When Walt Disney Co. bought The Star and its parent company, Capital Cities/ABC, in 1995, Disney C.E.O. Michael Eisner came to the newsroom. (The most memorable thing he said was Disney would not be selling the papers anytime soon, but they were on the block a year later.)
When Knight Ridder bought The Star and three other Disney-owned papers in 1997, I’m pretty sure Knight Ridder C.E.O. Tony Ridder came to the newsroom and spoke, although he was such a stone of a personality I don’t specifically remember it.
And in 2006, when McClatchy bought out Knight Ridder, McClatchy C.E.O. Gary Pruitt came to the newsroom. I remember that very well because by then I was hoping for a buyout and asked him, in front of the crowd, if he was planning on offering any. (The answer was no, and I retired on June 30, three days after the McClatchy deal closed.)

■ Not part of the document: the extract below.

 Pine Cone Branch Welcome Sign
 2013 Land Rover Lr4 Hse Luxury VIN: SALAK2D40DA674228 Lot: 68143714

But Melchiorre? No, I don’t think he’ll be visiting the newsroom and talking about Chatham’s plans for the paper. I would bet, in fact, that not one Star employee — not even president-publisher-secretary and head of security Mike Fannin — will ever see him.
But just on the outside chance he does come around, would somebody please take his picture and send it to me?
Sad. Just sad.
I love your lead sentence, Fitz. Good writing.
What a perfect synecdoche. How fitting. The owner, (whose only hope to “save journalism” in this second or third tier town), is digital publishing–has no web site!
Clearly, the writing is on the digital wall. Enjoy your pension, which is fleeting.
Thanks, Tracy. You know a little about ledes (leads) yourself. And your word “synedoche” drove me to the online dictionary. What a great word!
I think I’ll go to Egypt, Brazil and Africa before my $891.23 monthly pension check stops coming.
So glad that I turned 55 last year and was able to get my 401(k) the hell out of there and roll it into the one at my current employer.
I have no regrets whatsoever about going with the monthly pension. I’ve received well over six figures since retiring in 2006, and I could get another six, if I live long enough and if the PBGC either makes McClatchy pay up or picks up at least two-thirds of the company’s pension responsibilities.
Yes, Tony Ridder came to The Star newsroom when KR bought the paper. I was there. But I’m not now.